Networking:Colgate’s small student body contributes to the development of cross-class relationships as early as your first day on campus. And while sophomore recruitment allows students to define their Colgate persona very early on, women’s formal rotation schedules and men’s open house introductions mirror the cocktail parties and networking events popular in the professional world. Mutual selection defines the recruitment process; Greek chapters and potential new members spend time throughout the week getting to know one another as intimately as is possible with small talk over drinks, snacks and short activities.

Similarly, professional situations will require you to spend time learning about your co-workers, prospective customers and service providers in both formal and informal environments. The networking skills you develop while engaging in Greek recruitment, both as potential new members and chapter members, will serve you well in the working world.

Leadership: The successful governance of fraternities and sororities requires participation by members at the officer level.

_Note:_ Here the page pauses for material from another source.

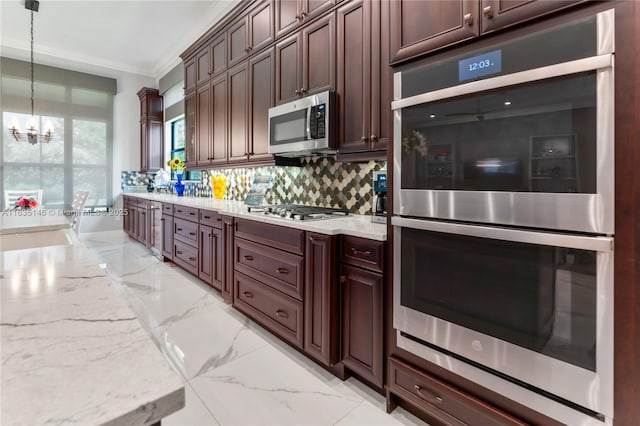 kitchen featuring pendant lighting, an inviting chandelier, crown molding, appliances with stainless steel finishes, and light stone counters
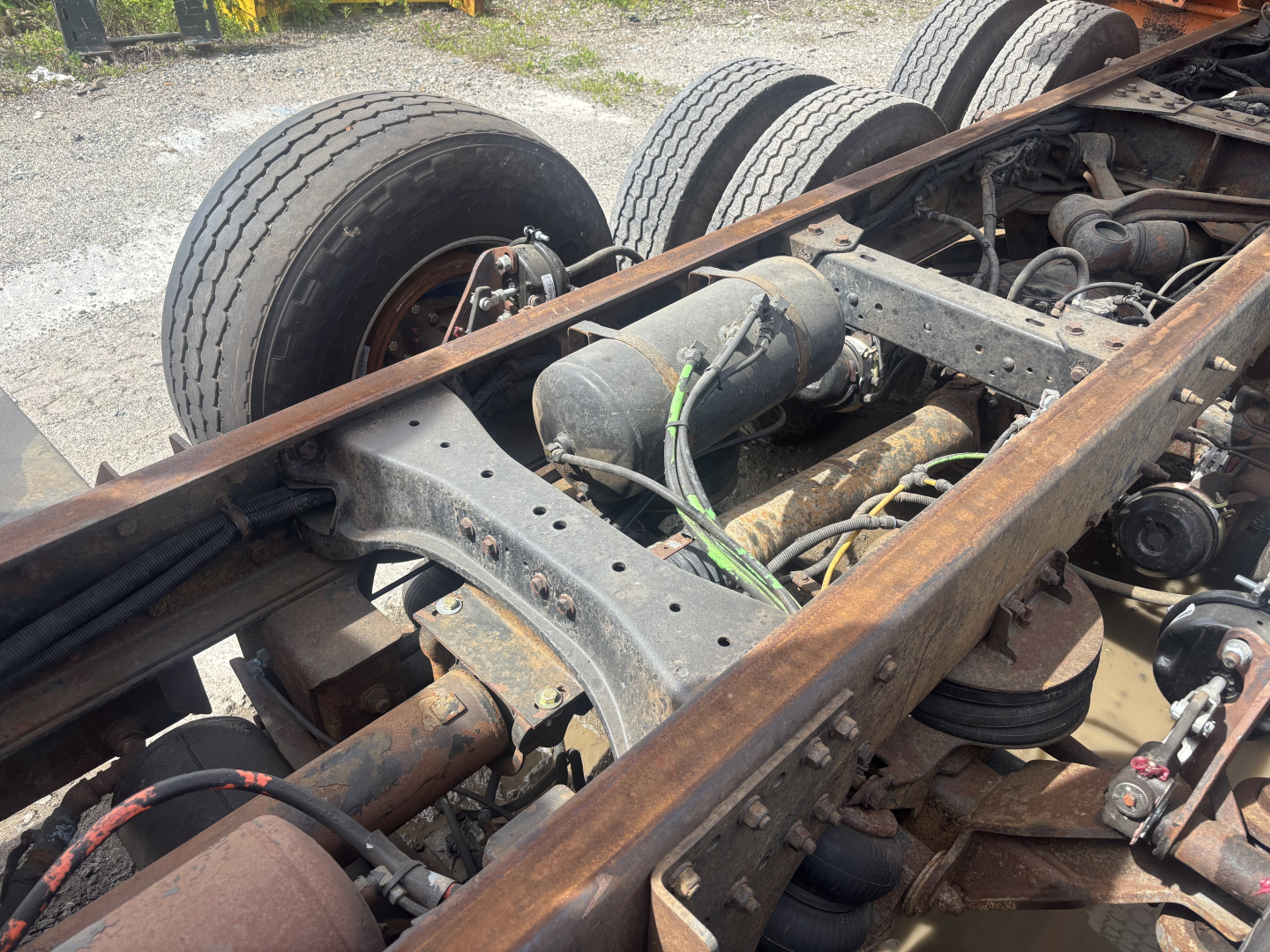 Kenworth T880 chassis showing dual rear axles, frame rails, air lines, and suspension components with rust and wear.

These most explicit leaders have an important role in defining the chapter personality; from membership to public relations to philanthropy, officers make a commitment within the chapter to promote the standards and values mandated by the national organization. However, as many of you already know, officers are not the only leaders in your chapters. There are many members who contribute in smaller, less tangible ways; those who consistently show up on Saturday mornings to clean up Broad Street, those upperclassmen who take special time to help the new members adjust to chapter life, and those who always remind the group about important policies and their implications, truly encourage chapter growth and maturity.

College is like a lifetime of growth compressed into a very short four years. You have come to expect immediate gratification for a job well done and the subsequent rapid promotion that occurs within a compact period of time. Learning to mitigate these expectations in the professional world can seem daunting, at best. But, the skills developed from leadership opportunities within fraternity and sorority life, when well-harnessed, can contribute to your ability to make an impact at a professional level. Even an entry-level associate can generate excitement around an idea if his or her contribution arrives in a well-researched, articulate and pointed manner. In our Greek-letter organizations, we often have to restrain our enthusiasm in order to ensure that our fellow chapter members hear what we have to say. Finding the balance between contributing and dominating a group discussion can determine whether your idea hits the CEO’s desk or the shop room floor.

Philanthropy: Contributing time and money to the community is an important tenet of fraternity and sorority life. Greek life at Colgate encourages students to get involved in the community in and around Hamilton, as well as to participate in nationally recognized philanthropies. Post-graduation, one of the easiest ways to get involved with other young adults is to find local chapters of major foundations and advocacy groups. You may even want to join your fraternity or sorority’s local alumni chapter and take advantage of their already established routines. Often times, alumni groups have pre-scheduled events throughout the year. The Greek legacy is defined by values that help to shape young citizens who want to make a difference in their communities — take that experience beyond these four years into the next forty.

Networking, leadership and philanthropy are all terrific reasons to get involved with Greek life at Colgate. But, if these life skills don’t convince you that your experiences will be valuable after graduation, at least you’ll have instant rapport with Southerners you meet in the “real world.”